5. Rap Jam: Volume One (1995)
You already love NBA Jam, so a streetball game starring rappers has gotta be just as good, right? Onyx, Coolio, and House of Pain are definitely the characters you’d most want to play, right? They called it “Volume One” because it’s going to be a long-running series, right? Uh… right?
4. Wu-Tang: Shaolin Style (1999)
A Tekken-style fighting game born from a game that had been canceled for being too violent, this one came at the perfect time… to feel like a cash grab. No jumping, graphics that made GZA and Inspectah Deck look like crash test dummies, and a complete lack of Blue Raspberry? We’ll stick to shadowboxing.
3. 50 Cent: Blood on the Sand (2009)
Lots of games get sequels, especially when they’re well-reviewed and popular. 50 Cent: Bulletproof wasn’t really either of those things, but Console Curtis re-upped anyway. And the results are… well, is “glorrible” a word? Like glorious and horrible at the same time?

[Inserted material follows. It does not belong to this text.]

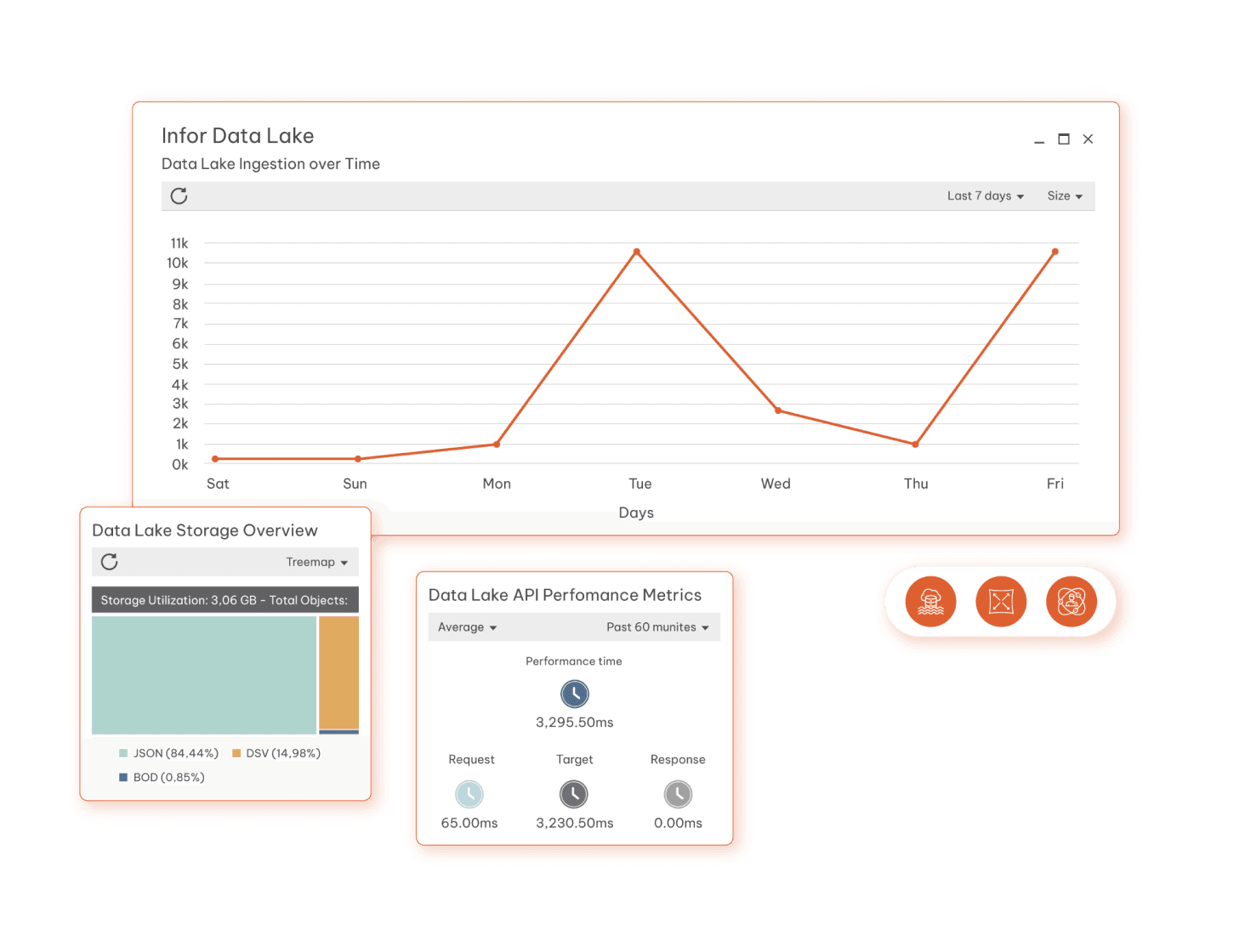 Infor Data Lake hero image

Because yeah.
2. Shaq Fu (1994)
Arguing about the worst video game ever made is the kind of thing that has no answer, but everyone’s a winner. Except, we guess, Big Diesel’s garbage fire of a fighting game. Why is he wearing Orlando Magic shorts but a generic jersey? Who’s that dude watching from the stairs? Why would you make a game inspired by Mortal Kombat but have no fatalities? So many questions, so few answers.
1. Def Jam: Fight for NY (2004)
Finally, we get to use “ridiculous” in the best way possible. No lie, this rap-roster brawler gave hip-hop-loving gamers everything they needed in the PS2 era. Brolic-ass Snoop. The ability to play as everyone from Elephant Man to Bubba Sparxxx to Slick Rick. (There are literally more than 60 other options, that’s just the funniest trio we could think of.) Problematic Lil’ Kim aside, there’s nothing not to like.